QAチームとアクセシビリティの関係性については、ブログ記事「2020年、freeeのアクセシビリティを振り返る」もご覧ください。

QAチームのチェックとフィードバックを支援する

QAチームが実際にチェックを行えるようになるには、支援が必要です。連載第3回でも触れたとおり「アクセシビリティチェックの様子をデモする、チームメンバーと一緒にチェックする、そのまま一緒に改善してみる」という伴走を行います。

チェックを伴走し、フォローする

QAチームにチェック方法をブリーフィングします。freeeアクセシビリティー・チェック・リストなどをもとに、チェックツールの使い方や、どのように見ていくかの概要を伝えます。実際の案件へのチェックを伴走し、結果の解釈について伝えます。

チェック実施者は、機械チェック結果のメッセージの読み解き方や、手動チェックで「怪しい」と感じたところの解釈に悩みます。すぐに質疑応答するために、Slackチャンネルなどでフォローしましょう。

フィードバックには推進者が立ち会う

はじめてチェック結果をチケットとしてフィードバックする際には、アクセシビリティに理解がある人が間に立ちましょう。具体的には、チケットの読み合わせや改善施策の検討の場に同席します。開発メンバー側からすると、課題が指摘されても、どう対処すべきかがわからないと、チケットを消化できなくなるからです。

チェック方法と改善方法が確立されていれば、⁠アクセシビリティが品質であり、維持向上していけるものである」という納得が得られます。維持向上のプロセスに織り込まれます。

アクセシビリティのチケットを特別扱いしない

アクセシビリティの改善を進めるためには、アクセシビリティのチケットとほかのチケットを分けず、同じように扱うことが重要です。

ほかのチケットと同じ場所にアクセシビリティのチケットも記載する

以前、freeeでは、アクセシビリティのチケットを「アクセシビリティの課題だけを集めておく場所」に貯めていき、優先度も独自に設定していました。

このやり方は、アクセシビリティの課題を俯瞰したり、アクセシビリティのみを集中して改善する点では有効です。しかし、アクセシビリティだけが特別扱いになってしまうという大きなデメリットがあります。

そのため、プロジェクト単位のチケットを記載する場所にアクセシビリティの課題も記載するように切り替えました。プロジェクト単位でアクセシビリティの課題を把握し、通常のテスト後改修に織り込みます。

アクセシビリティの重大度とチケットの重大度をそろえる

QAの結果としてのチケットには重大度が振られます。

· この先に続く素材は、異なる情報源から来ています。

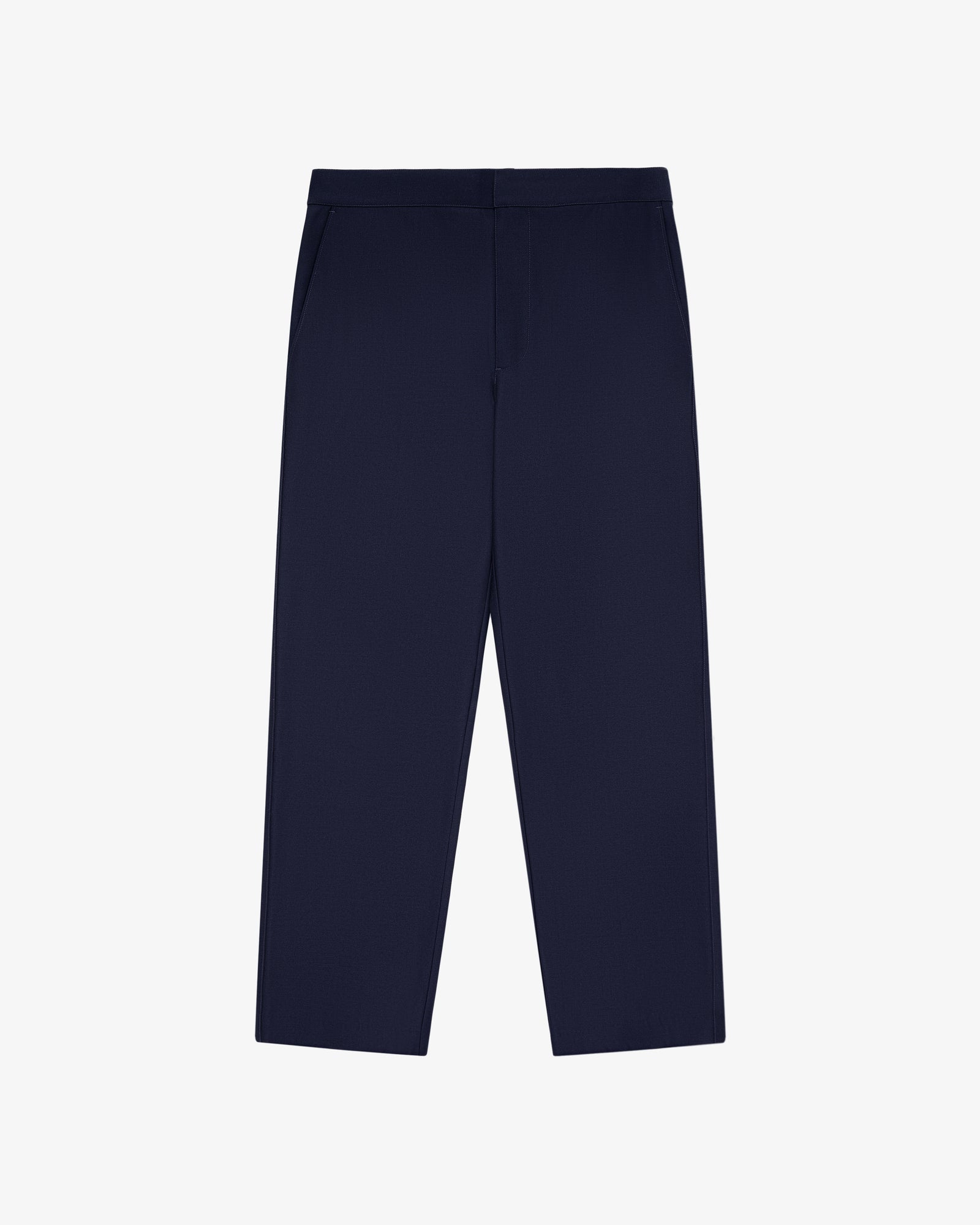 Tropical Wool Elasticated Waist Suit Trouser in navy, straight-leg and tailored fit, shown laid flat on white.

アクセシビリティの課題も、ほかのチケットと同じ基準で既存の重大度になぞらえて記載します。

freeeでのチケットの重大度は以下のとおりです。

  • critical:致命的、リリース前に修正必須
  • major:大きな問題
  • normal:可能なら直したほうがよい
  • minor:直してもよいが保留も可

アクセシビリティの文脈で読み替えると以下のとおりです。freeeアクセシビリティー・ガイドラインおよびチェックリストに、この記載があります図2⁠。

  • critical:操作不能になる人がいる
  • major:操作や情報取得が著しく厳しくなる人がいる
  • normal:不便を感じる人が少なからずいる
  • minor:問題はあるが影響は少ない
図2 freeeアクセシビリティー・チェックリスト。E列がチェック項目ごとの重篤度を示している
図2 スクリーンショット:freeeアクセシビリティー・チェックリスト。

ほかのチケットと同様に重大度を振ることで、それが「使いやすい・使いにくい以前の問題であり、⁠利用できない』バグである」という認識にそろえられます。

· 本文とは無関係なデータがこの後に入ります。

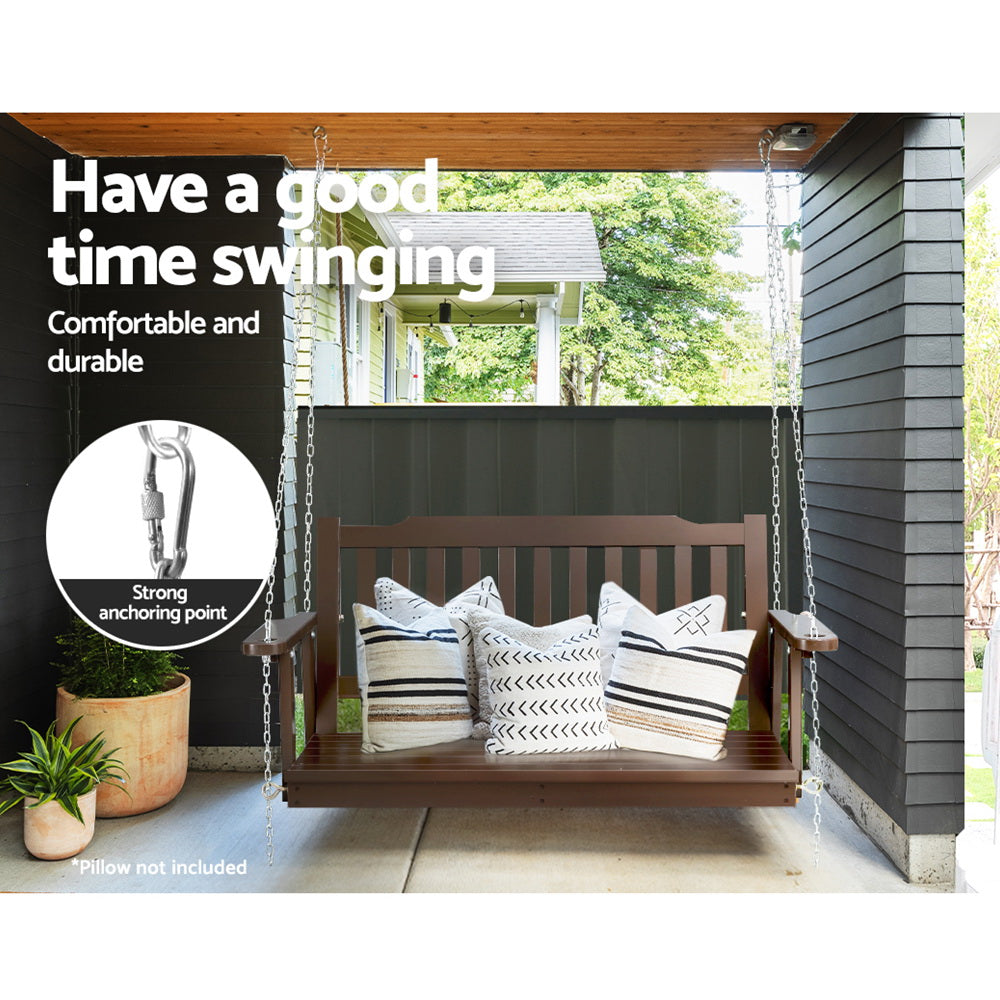 Gardeon Solid Fir Wood 2-Seater Swing Chair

このようにしておかないと、⁠できればやっておくべきだが、マストではない」⁠問題があっても、まったく使えないわけではない」と考えてしまいます。アクセシビリティ改善の優先度が下がります。ここは強い気持ちで提言します。

初期には、修正必須とせずリリースする判断も

まだQA段階でのアクセシビリティチェックが始まったばかりのころは、プロジェクト内での意識が育っていなかったり、改善の知見が貯まっていない段階です。リリース前に修正必須とすることは難しいケースもあります。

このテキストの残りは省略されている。